Thursday, February 17, 2022

Catching Up

I haven't done a real post in a while, so strap in boys and girls, 'cause here we go!

Trucker protests: I love the fact that the MSM thinks they can ignore 10's of thousands of semi's converging on Alberta and no one will notice. Whether you support the truckers or not, the protests have certainly uncovered a lot of sleazy behavior by the Canadian national government, the police, the MSM, and even crowd-funding site GoFundMe. I love how BLM protesters can set multiple cities on fire, loot, injure and even murder people, and GoFundMe never blinks an eye. But let some (mostly) white working-class truckers finally say "Enough!" to government over-regulation and GoFundMe wants to give the donations to... well... to BLM. When that gambit failed utterly, Trudeau invoked the War Powers Act (renamed to something less sinister-sounding in the 70's or 80's) to allow the Canadian government to seize the bank accounts of anyone receiving donated funds as well as anyone donating. Nice. If anyone would like to know how to turn a peaceful protest into an actual insurrection, just take careful notes of what Trudeau has done and will do. Dumb ass....

Meanwhile, the Olympic Committee has gone full mental by beating up on a 15-year-old girl who had the misfortune of being born in the United State's enemy du jour, Russia. Good job guys; real mature. You managed to throw her off her game enough that she finished in fourth and left the ice in tears. You old fucks must feel real tough and self-important now. Congratulations. I'm becoming less and less interested in sport of any kind. The Olympics were pretty much my last hope and that too has now been flushed down the toilet thanks both to this current nonsense as well as the whole turn-my-back-on-the-US-flag bullshit at the summer games. (And if you think I'm alone in this, check the ratings of professional sports, college sports, Olympics, what have you.)

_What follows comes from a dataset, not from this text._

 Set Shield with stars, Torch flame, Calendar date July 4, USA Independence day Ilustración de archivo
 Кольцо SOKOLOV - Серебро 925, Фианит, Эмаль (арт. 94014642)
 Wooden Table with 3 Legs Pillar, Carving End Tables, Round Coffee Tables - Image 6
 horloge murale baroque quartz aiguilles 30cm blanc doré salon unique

I haven't talked about climate in a while. Given that everyone seems to have been convinced that replacing coal- and natural-gas-fired power plants with windmills and solar panels is a good idea, I thought I'd revisit the topic. First: Yes, despite what you may hear, fossil fuels are limited. Yes, despite what you may hear, we've used up roughly half of all the coal, oil and natural gas in the world. No, despite what you may hear most of the other half will never be "recovered" due to both technical and economic reasons. Second: Yes, despite what you may hear, weather is getting crazy. Maybe it's natural, maybe it's due to all the CO2 dumped into the atmosphere; probably, it's some of both. No matter, it's here. Now. Not in 100 years. Third: No despite what you may hear we are not replacing the automobile fleet with electric vehicles, if for no other reason than there is simply not enough lithium on the planet to built all those fire-trap EV's. 

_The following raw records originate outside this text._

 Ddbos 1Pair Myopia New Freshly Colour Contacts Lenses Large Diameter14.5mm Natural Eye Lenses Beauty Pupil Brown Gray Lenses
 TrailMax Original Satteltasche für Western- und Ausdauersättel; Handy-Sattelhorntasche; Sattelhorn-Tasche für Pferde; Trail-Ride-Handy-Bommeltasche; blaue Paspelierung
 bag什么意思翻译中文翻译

So given all that what next? One idea being floated around is replacing electrical generation with nukes. Leaving aside all the questions of what we are going to do with the tons of high-level radioactive waste produced by enough nuclear reactors to replace the existing electrical grid (while ignoring the fantasy that we will "electrify the fleet"), we don't even know what to do with the comparably tiny amount of high-level waste we already produce. The big strike against nukes is that, at least here in the US, it took 40+ years to build and bring one reactor on line. One. We need to build something like 325 nuclear power plants (that's with multiple reactors per plant) every month for the next 100 years just to replace the current coal-fired electrical generation. Anyone who thinks that will happen is just mental. Where would we get all the materials? Where would we get all the uranium? China? I'm picking on nukes, but that's only because they are the easiest to imagine as an alternative to fossil fuels. Replacing even a tiny fraction of electrical generation with wind and solar is already bumping up against hard resource limits. Replacing it all or even a significant fraction (like 1/2 or just 1/3) is not even technically feasible before getting to the economics, politics, etc.

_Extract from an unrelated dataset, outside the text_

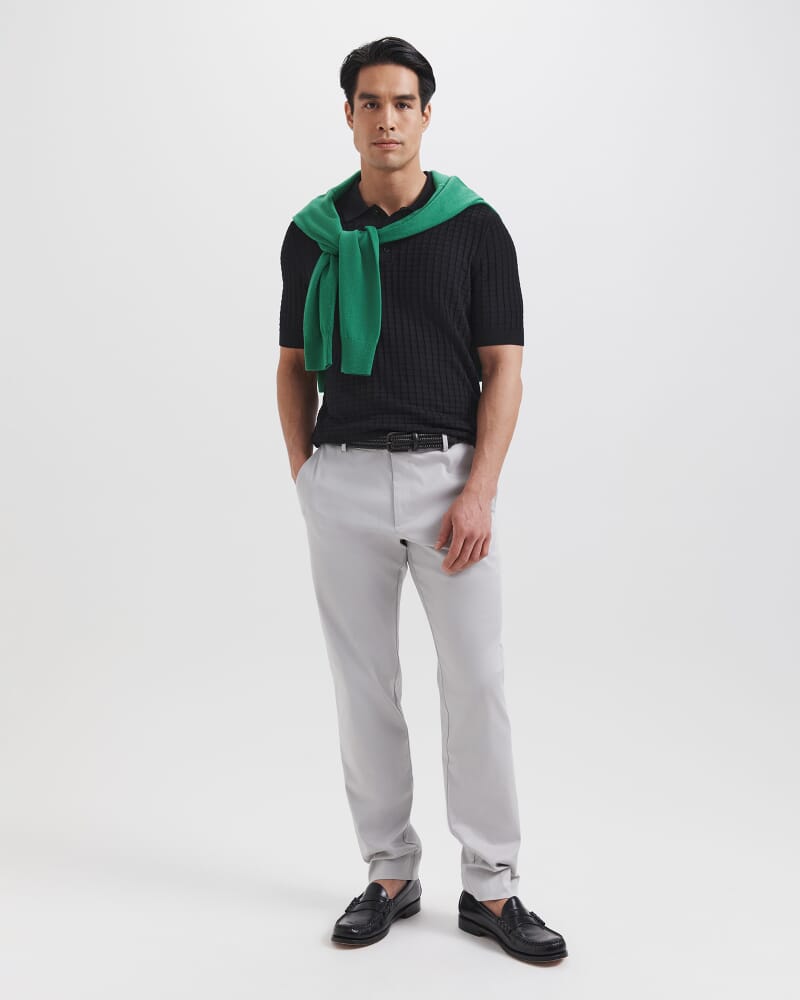 Alfie Knit Polo in BLACK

The greenie-weenies talk about cutting carbon emissions in half by some near-future date. So given the previous paragraph, how do we do that? Well, look around where you're sitting and imagine half of everything gone. Half the square-footage of your house. Half the vehicles. Half the food. Half the people in your family, neighborhood, city, state, nation. That's what cutting carbon emissions in half really means. Forget the technobabble bullshit from upper-middle-class "greens" who won't even stop flying to climate conferences or turn down the thermostat or quit stuffing their faces until they are morbidly obese. And no, the rich won't "go first"; remember that the entire US is filthy rich compared to the rest of the planet, so you really don't want to go there unless you want to be put in the same category as Al Gore telling me I need to ride a bike to work while flying on a private jet. (If you're wondering, that category would be "hypocrite".)

Well, it's going on midnight, so I should stop and go to bed. 'Nite all!!